Republicans did not directly address Democrats’ arguments about Mr. Trump’s investments other than to note the president is bound by the STOCK Act and other federal laws that attempt to restrict insider trading.
They rejected the amendment, as well as others that would have extended the restrictions more broadly to executive and judicial branch officials and senior congressional staff, as attempts to derail the bill.
“I do think it’s a worthy conversation,” Mr. Steil said. He suggested there would be future opportunities to “think more broadly” about applying restrictions across the three branches of government that would prevent abuses of power while maintaining “avenues for people from an array of backgrounds to be able to come and serve this country.”

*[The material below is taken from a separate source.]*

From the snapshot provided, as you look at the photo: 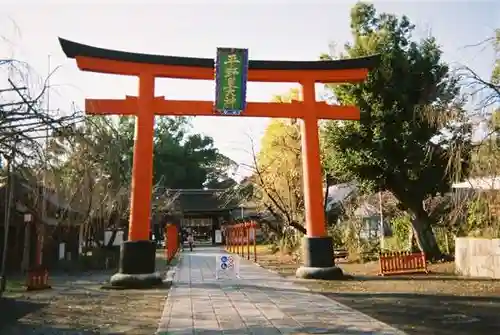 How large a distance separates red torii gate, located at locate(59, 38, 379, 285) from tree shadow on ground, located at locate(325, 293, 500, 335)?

Democrats also targeted aspects of the bill they said would still allow insider trading.
Rep. Norma Torres, California Democrat, sought to eliminate a loophole that would allow lawmakers to reinvest dividends, profits that companies can opt to pay shareholders to incentivize them to retain their stock holdings.
“We have seen proof that members who sit on the committee responsible for overseeing Big Pharma and who hold large amounts of Big Pharma stock vote differently than everyone else — unacceptable,” she said. “And this bill allows those same members to keep all of their Big Pharma stocks and reinvest their dividends to buy more. Oftentimes that amount is in the millions.”
Mr. Steil said the reinvestment of dividends “doesn’t carry the risk of insider trading.”
“Those dividends are structured by the company with advanced notice outside of the control of any given member,” he said.
Mr. Morelle also offered an amendment to close what he called the “grandma loophole.”
“A member’s spouse could buy and sell stocks on behalf of a member’s parent or grandparent, who are not, under this bill, covered individuals,” he said. “They could all do this while the member stands to inherit a grandparent’s or parent’s estate.”
The issue arose from language in a section of the bill meant to provide an exception for lawmakers’ spouses and dependent children to make trades on behalf of others if done so as part of their occupation.
Mr. Steil said that he is willing to “finesse” the language before the bill gets a floor vote because the situation Mr. Morelle described is not intended.
“We don’t want a loophole where somebody’s, you know, ’wink, wink, nod, nod,’ trying to make a trade around the intent of the bill,” he said.